Sometimes I don't particularly want to follow a bug intimately and just want to be notified of the interesting changes; when it's closed, when someone attaches a fix, etc.
Take, for example, #454935. I didn't subscribe to the bug at the time I noticed it, as it would have taken a couple of minutes to email 454935-subscribe (and send the confirmation back, wait on the fscking greylisting, delete the ACKs, etc.) and I could have always been overrun with annoying "severity wars", merges with various duplicates, etc. In the event, this didn't happen, but the perceived cost of subscribing to the bug was much greater than the benefit.
Anyway, as I'm fairly certain I'm not alone in encountering bugs like this, my solution was to put together a GNOME panel applet for monitoring specific Debian bugs. It's pretty fully-featured already:
- At-a-glance view of subscribed bugs, showing relevant information concisely
- "Fuzzy" bug number entry box - parses bug URLs, emails addresses and subject lines, etc.
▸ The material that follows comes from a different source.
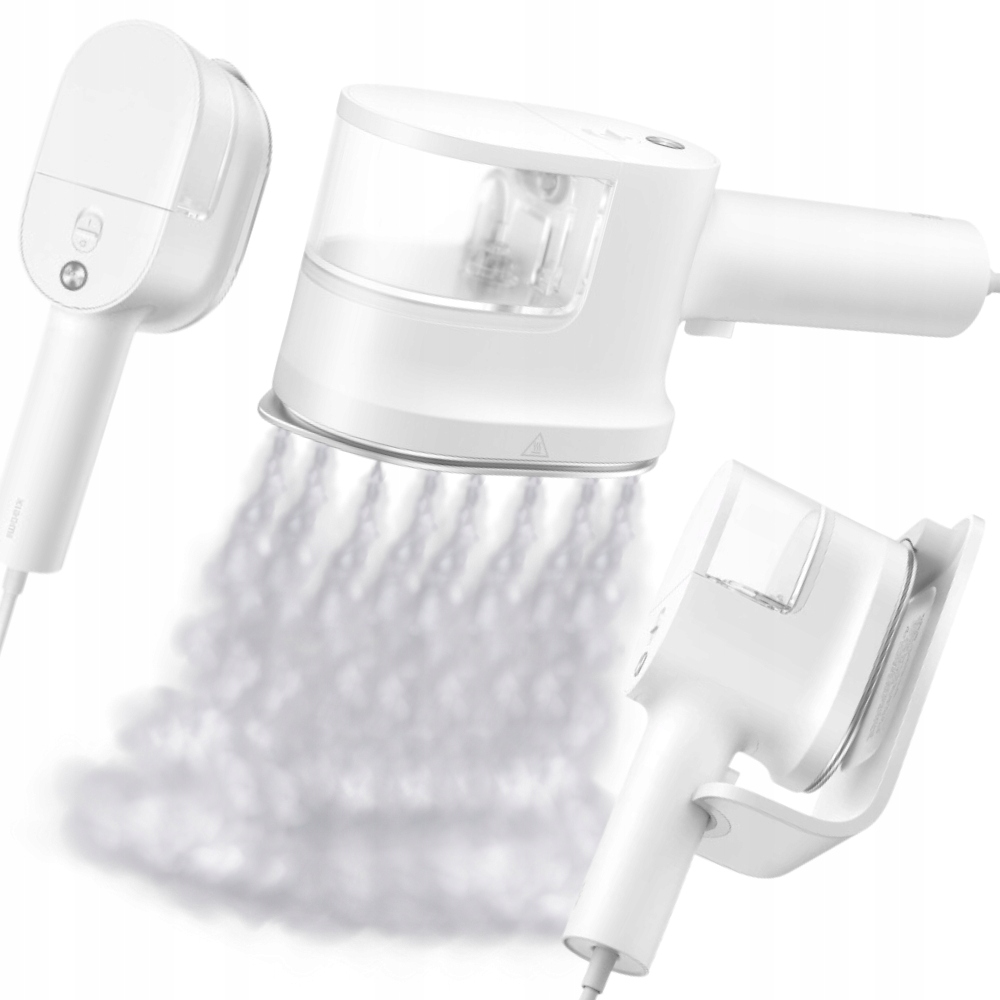 Żelazko parowe Xiaomi Handheld Steam Iron 1200W Białe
- libnotify messages when bug changes state
- Quick access to reportbug or reportbug-ng via right-click on applet icon
- Polls BTS with exponential back-off to avoid BTS denial-of-service
- Quick access to the BTS page via right-click on bug entry
- Graceful offline mode - downloaded data is still available without network
Perhaps something like this can lure some Debian users into following development a little closer and put them on the path to becoming a regular contributor, who knows.
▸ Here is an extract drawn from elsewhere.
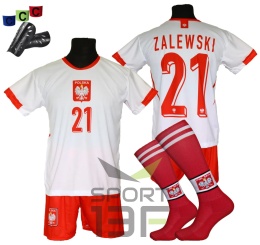 strój Polska Zalewski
Source (GPLv3) is available in Git:
% git-clone git://git.chris-lamb.co.uk/debian-bts-applet # or % git-clone http://git.chris-lamb.co.uk/repo/debian-bts-applet.git
It comes with a debian/ directory, which is highly recommended over configuring Bonobo manually.
What would be really useful right now is testing. If you want to contribute, please run your eyes over the TODO and HACKING files as well as the unit tests. If no major issues are found in the next few days, I'll file an ITP and make a call for translations.